Dilena Robertino, Striano Pasquale, Gennaro Elena, Bassi Laura, Olivotto Sara, Tadini Laura, Mosca Fabio, Barbieri Sergio, Zara Federico, Fumagalli Monica
Service of Pediatric Epileptology - Unit of Clinical Neurophysiology, Fondazione IRCCS Ca' Granda, Ospedale Maggiore Policlinico, Milan, Italy.
Pediatric Neurology and Muscular Diseases Unit, Department of Neurosciences, Rehabilitation, Ophtalmology, Genetics, Maternal and Child Health, Institute "G. Gaslini" University of Genova, Genoa, Italy.
Brain Dev. 2017 Apr;39(4):345-348. doi: 10.1016/j.braindev.2016.10.015. Epub 2016 Nov 19.
Recent clinical evidence supports a targeted therapeutic approach for genetic epileptic encephalopathies based on the molecular dysfunction.
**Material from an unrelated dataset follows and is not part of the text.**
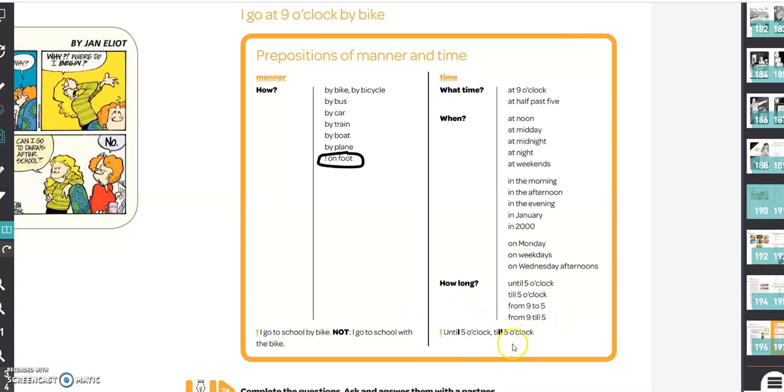There's another remark here. Until is with one L, till is with double L, so don't forget.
A 2-day-old male infant presented with epileptic encephalopathy characterized by burst-suppression EEG background and tonic-clonic migrating partial seizures. The condition was refractory to phenobarbital, pyridoxine, pyridoxal phosphate and levetiracetam, but a dramatic response to an intravenous loading dose of phenytoin was documented by video-EEG monitoring. Over weeks phenytoin was successfully switched to carbamazepine to prevent seizure relapses associated with difficulty in maintaining proper blood levels of phenytoin. Genetic analysis identified a novel de novo heterozygous mutation (c.[4633A>G]p.[Met1545Val]) in SCN2A. At two years and three months of age the patient is still seizure-free on carbamazepine, although a developmental delay is evident.
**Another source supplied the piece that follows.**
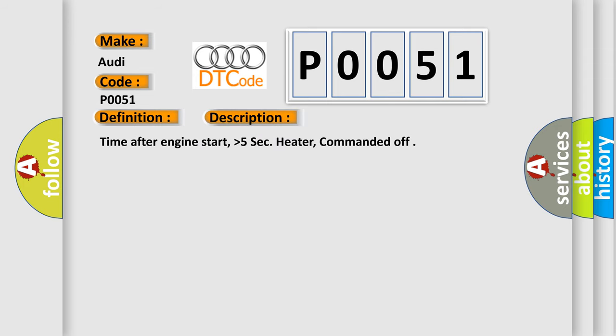Time after engine start, higher than 5 seconds. Heater commanded off.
Sodium channel blockers represent the first-line treatment for confirmed or suspected SCN2A-related epileptic encephalopathies. In severe cases with compatible electro-clinical features we propose a treatment algorithm based on a test trial with high dose intravenous phenytoin followed in case of a positive response by carbamazepine, more suitable for long-term maintenance treatment. Because of their rarity, collaborative studies are needed to delineate shared therapeutic protocols for EIEE based on the electro-clinical features and the presumed underlying genetic substrate.
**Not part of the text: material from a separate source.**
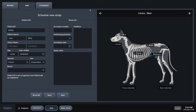Today I will be demonstrating how to use the software to easily take, edit, and share x-rays. To start, I'm on a new study page where you can input the patient ID, name, and any other information such as the species and the breed of the patient.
近期临床证据支持基于分子功能障碍对遗传性癫痫性脑病采取靶向治疗方法。
一名2日龄男婴,患有癫痫性脑病,脑电图背景为爆发抑制,伴有强直阵挛性游走性部分性发作。该病情对苯巴比妥、吡哆醇、磷酸吡哆醛和左乙拉西坦治疗无效,但视频脑电图监测显示静脉注射负荷剂量苯妥英钠有显著反应。数周内,成功将苯妥英钠换为卡马西平,以预防因难以维持苯妥英钠适当血药浓度而导致的癫痫复发。基因分析在SCN2A基因中发现一个新的新生杂合突变(c.[4633A>G]p.[Met1545Val])。在两岁零三个月大时,患者服用卡马西平仍无癫痫发作,尽管有明显发育迟缓。
钠通道阻滞剂是确诊或疑似SCN2A相关癫痫性脑病的一线治疗药物。在具有相符电临床特征的严重病例中,我们提出一种治疗方案,即先进行高剂量静脉注射苯妥英钠试验性治疗,若有阳性反应则继以卡马西平治疗,后者更适合长期维持治疗。鉴于此类疾病罕见,需要开展合作研究,以根据电临床特征和推测的潜在遗传基础制定EIEE的共享治疗方案。